ロゼッタは広げた地図を見て言った。地図には二箇所印がありゆっくりだが動いているのとこの部屋についている。


「でもよ、どうやって盗んだやつは入ってきたんだ?それが一番気になるんだけど…」


マーガレットは部屋の窓を見て言った。サーニャとミーナが出かける時は鍵を掛けていた。窓を見ても割られた部分や誰かが開けた様子はない。

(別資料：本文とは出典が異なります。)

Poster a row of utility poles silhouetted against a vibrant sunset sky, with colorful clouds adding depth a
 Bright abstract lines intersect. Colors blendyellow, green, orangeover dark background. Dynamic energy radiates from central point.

サーニャも同じ疑問を持っていてうーんと言いながら天井を見上げると一箇所だけおかしいことに気づいた。


「ねえ、あそこってなんかズレてない?」


サーニャはおかしいと思った天井を指差した。マーガレットは立ち上がりサーニャの指差した天井を見上げた。


「おおー本当だ。ここだけ絵柄がおかしいな」


天井の両端は模様があるがこの天井だけ模様が合わさっていない。しかも誰かによって切られた跡がある。

マーガレットは近くにあった椅子に立ち上がり天井を押してみようとするが数センチ届かない。


「…ぁあくそ…届かねぇ…ロゼッタ…私を浮かせるか天井を押し上げてくれ…」


「わかったーそれじゃ浮かせるねー。天井押し上げて壊れたら嫌だし」


ロゼッタはマーガレットに手をかざした。マーガレットは浮き上がり天井にピタッと手がつきグッと押してみる。少しずつだが押し上げている天井が奥に入っていき少し経つと天井が外れた。マーガレットは暗い天井裏をぐるっと見ると魔導書を二冊見つけた。そして隣に落ちていた懐中時計気づき拾う。


「ロゼッター下ろしていいぞーゆっくりなー」


「わかったー」


ロゼッタはマーガレットを少しずつゆっくりと椅子の上に下ろした。マーガレットは椅子から降り魔導書を置いた。ロゼッタは魔導書を見てわあぁと声を上げて喜んだ。

だがマーガレットは魔導書と一緒にあった懐中時計が気になって仕方なかった。


「これ…盗んだ犯人のか?」


懐中時計は銀色で模様がある。天井裏は埃っぽかったが懐中時計は埃が付いていない。


「ありがとうマーガレット…何その懐中時計…?」


ロゼッタはお礼を言うとマーガレットの持っていた懐中時計に目がいった。


「確認だけどこれロゼッタのじゃないんだよな?」


「うん、違う。私のこれだもん」


ロゼッタはポケットから自分の懐中時計を取り出した。サーニャやミーナにも確認したが同じだった。


「そうか…よし犯人の手がかりも見つかったしあれやってみるか!」


マーガレットは懐中時計をテーブルの上に置くと手をぱんと叩いた。


「作戦はこうだ。まずミーナとサーニャ、ロゼッタと私の二手に分かれる。ミーナとサーニャは魔導書を探しに行き私らはこの部屋で待機だ」


「え?部屋で待機って…?」


サーニャはマーガレットの作戦に少し疑問を持った。


「まあ予想だが犯人が馬鹿なら自分の懐中時計を失くしたことに気づいたらどんな手を使うか分からないけど取りに戻ってくる。その瞬間を取り押さえるのさ」


「なるほど…でも…魔法使いが各グループに一人なのはいいんですけどなんでマーガレットさんが部屋で待機なんですか?マーガレットさん足速いですし…」


ミーナは足の速いマーガレットが外の方がいいのではないかと提案した。


「いや…私…手出すのも早いし…外で殴っちゃったらまずいだろ…」


マーガレットは目を逸らしながら話した。

三人はあー…としか声が出なかった。